Hall of Fame trainer Bill Mott announced on Tuesday that Kentucky Derby (G1) winner Country House will not head to Baltimore for the Preakness Stakes (G1) on May 18.
“He developed a little bit of a cough this morning,” Mott said via by telephone according to David Grenig of the Daily Racing Form. “He appetite is good. He doesn’t have a fever. But he’s coughing. We drew blood. He’s acting like he’s going to get sick. He’s off the training list, and if he’s off the training list he’s off the Preakness list.”
Country House was the beneficiary of the disqualification of Maximum Security, who crossed the wire first but veered in and interfered with War of Will, starting a chain reaction that also affected Long Range Toddy and Bodexpress.
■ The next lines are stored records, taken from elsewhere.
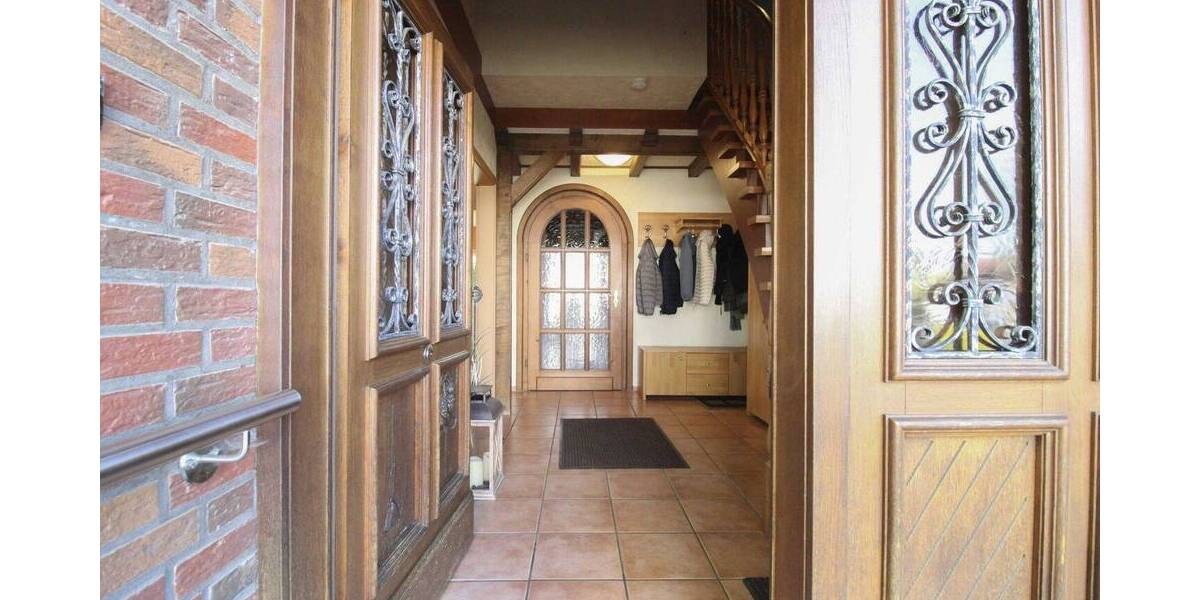 Einfamilienhaus Paderborn Sennelager - 8 Zimmer, 243 m&sup2;, 595.000&euro; | Angebot:26826411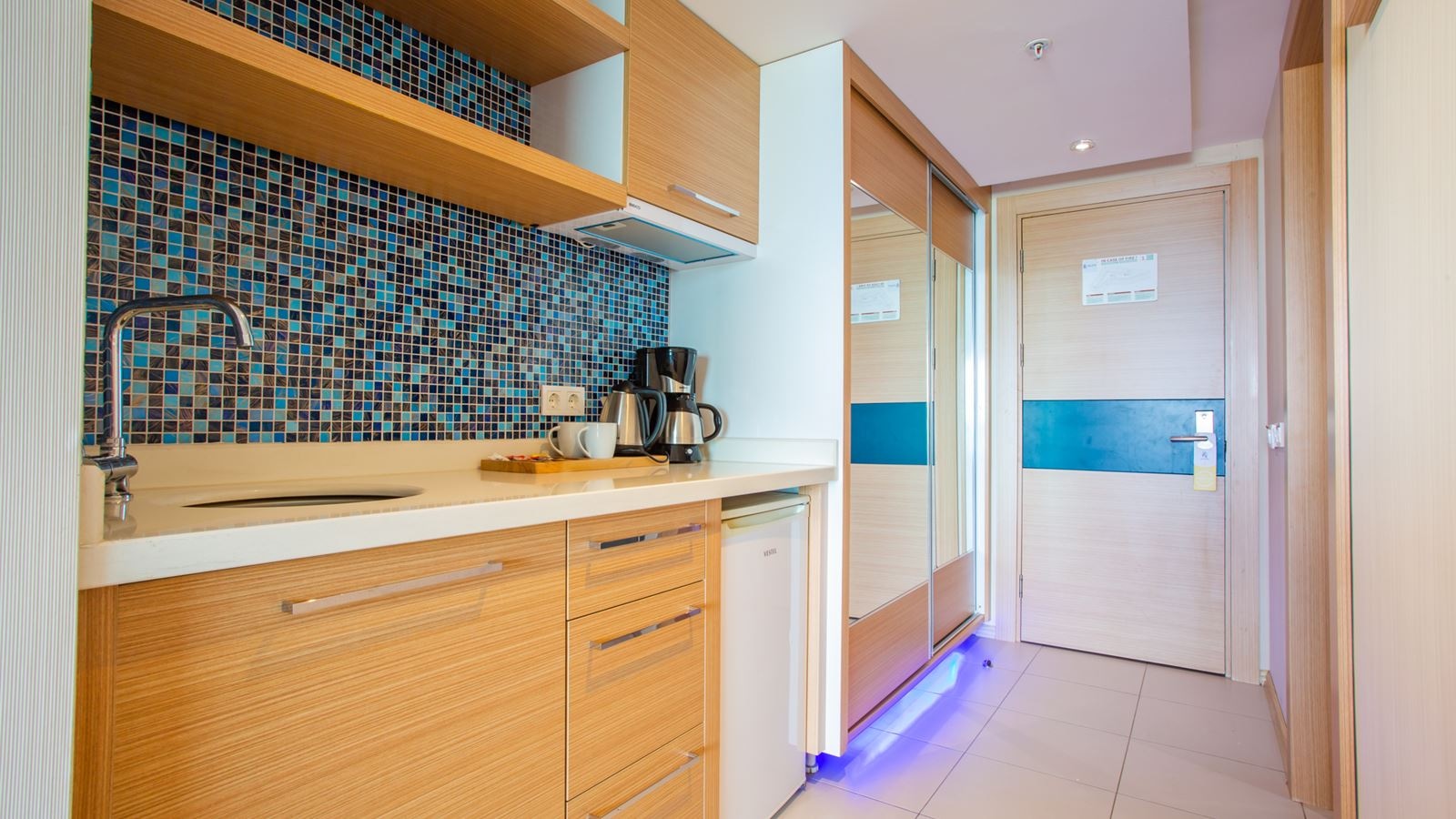 rooms-pool-access
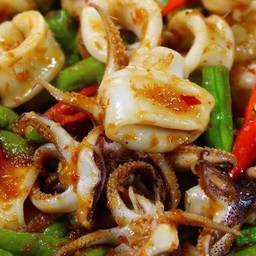 ผัดเครื่องแกง - เป็นกับข้าว (เลือกเนื้อสัตว์ตามชอบ)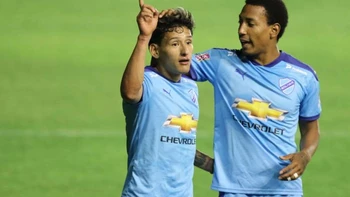 Bolívar goleó a Real Santa Cruz (0-3) y se mete en zona de Copa Libertadores Bolívar goleó a Real Santa Cruz (0-3) y se mete en zona de Copa Libertadores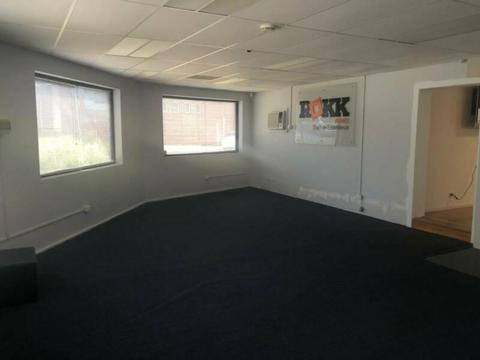 CORNER SHOP/OFFICE Available for Leasing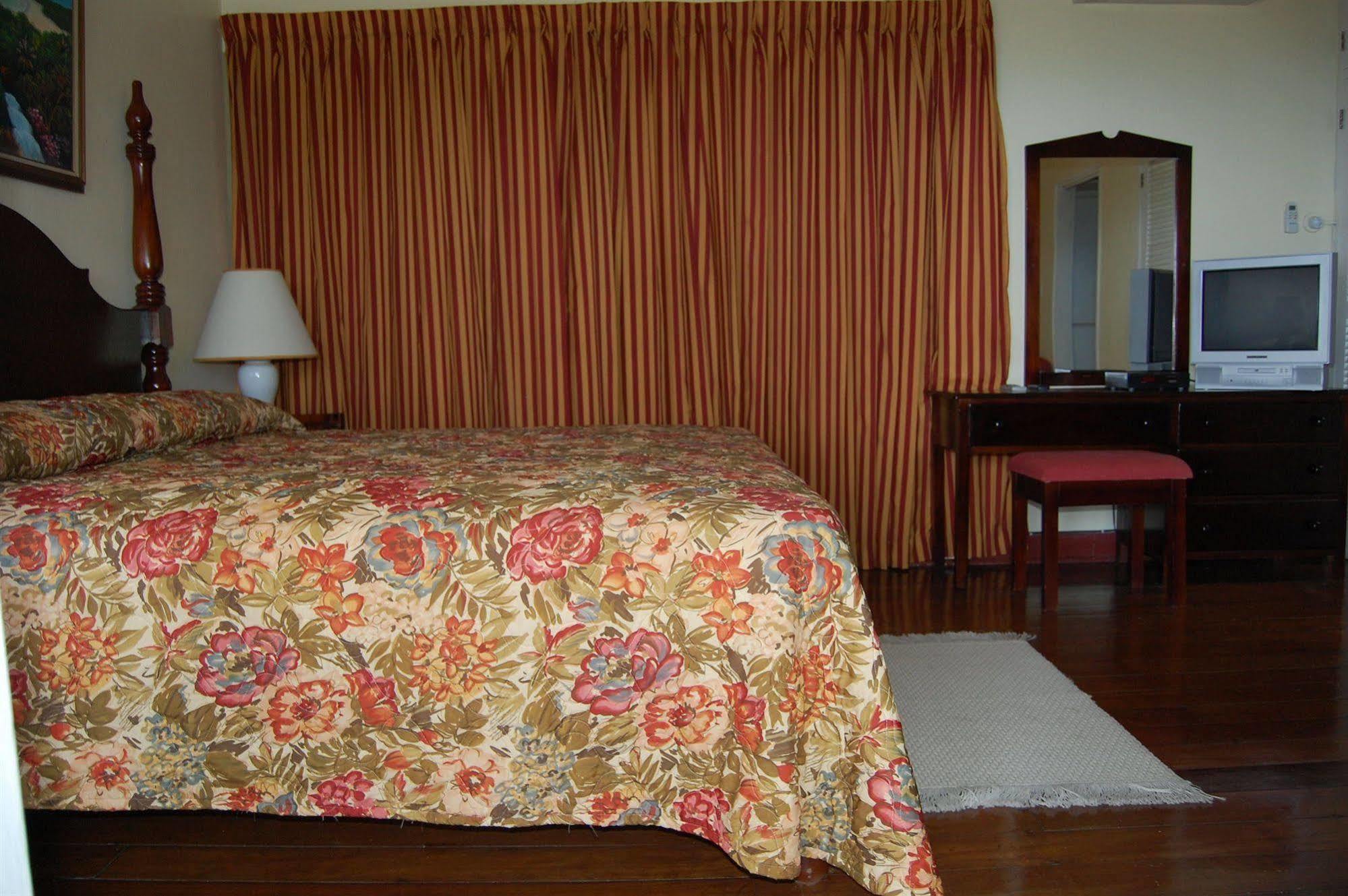 Hotel At Shaw Park Gardens & Waterfalls Ocho Ríos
After a 22-minute delay, the stewards disqualified Maximum Security and placed him 17th, behind the finish of the affected horses.
It was the first disqualification of the winner of the Kentucky Derby for interference in the 145-year history of the race.
Country House returned $132.40, the second biggest price in the history of the Kentucky Derby. Only Donerail, who paid $184.90 in 1913.
Gary West, the owner of Maximum Security appealed to the Kentucky Horse Racing Commission (KHRC), but his appeal of the Churchill Downs stewards’ decision was denied.
2019 Kentucky Derby Replay
West may not be done and may appeal in federal court.
In addition to Maximum Security and Country House, trainer Shug McGaughey announced this morning that Code of Honor, who was placed second in the Kentucky Derby will also miss the Preakness. His target likely will be the Dwyer Stakes (G3) at a mile at Belmont Park on July 7.
For the latest Preakness Stakes odds check out USRacing.
The defections leave the Preakness Stakes wide open. Among the favorites at this point likely will be War of Will, Improbable and possibly Tacitus, who is trained by Mott who seemed unlikely to run in the Preakness. However, with Country House now out, Mott could change his mind.